Coding With Fun
Home Docker Django Node.js Articles Python pip guide FAQ Policy

Cassandra data model


May 17, 2021 Cassandra


Table of contents


Cassandra's data model is very different from the one we typically see in RDBMS. /b10> This chapter provides an overview of how Cassandra stores data.

Cluster

Cassandra databases are distributed across several machines that operate together. /b20> The outer outerst container is called a cluster. b20> For troubleshooting, each node contains a copy that, in the event of a failure, is replicated. /b20> Cassandra arranges nodes in a cluster in a circular format and assigns data to them.

Key space (Keyspace)

Keyspace is the outermost container of data in Cassandra. The basic property of a keyspace in Cassandra is -

  • Replication Factor - It is the number of computers in the cluster that will receive copies of the same data.

  • Replica placement policy - It's just a policy to put a copy on media. /b20> We have simple policies (rack-aware policies), old network topology policies (rack-aware policies), and network topology policies (data center sharing policies).

  • Column family - The keyspace is a container for a list of one or more column familyes. /b20> A column family is also a container for a collection of rows. /b21> Each row contains a sequence. /b22> Column familyes represent the structure of the data. /b23> Each key space has at least one, usually many column families.
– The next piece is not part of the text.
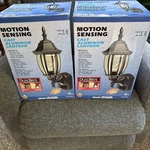 Heath ZENITH-SL-4192 Motion Sensing Cast Aluminum Lanterns Gar Lights Nib. Fixed Price $99.00.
The syntax for creating a key space is as follows -

CREATE KEYSPACE Keyspace name
WITH replication = {'class': 'SimpleStrategy', 'replication_factor' : 3};

The following illustration shows a diagram of the key space.

Cassandra data model

Column family

A column family is a container for an ordered collection of rows. /b20> Each row is an ordered collection of columns. /b20> The following table lists the key points for distinguishing column series from relationship database tables.
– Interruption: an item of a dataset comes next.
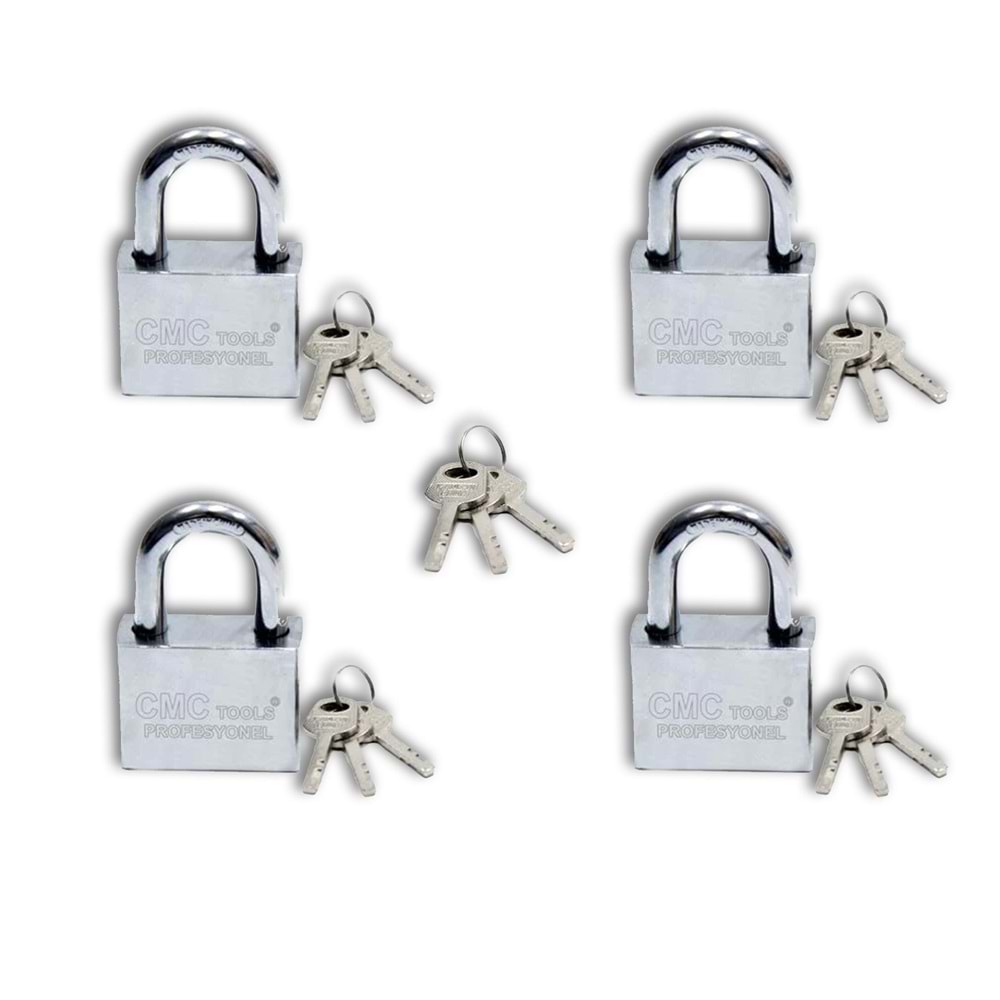 Asma Kilit Master Çelik Asma Kilit 60 Mm 4 Lü Set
The relationship table Cassandra column family
Patterns in the relationship model are fixed. /b10> Once some columns are defined for a table, all columns must be filled with at least one empty value in each row when data is inserted.

In Cassandra, although column familyes are defined, columns are not. /b10> You can freely add any column to any column family at any time.

The relationship table defines only columns, and the user populates the table with values. In Cassandra, a table contains columns, or can be defined as a super-column family.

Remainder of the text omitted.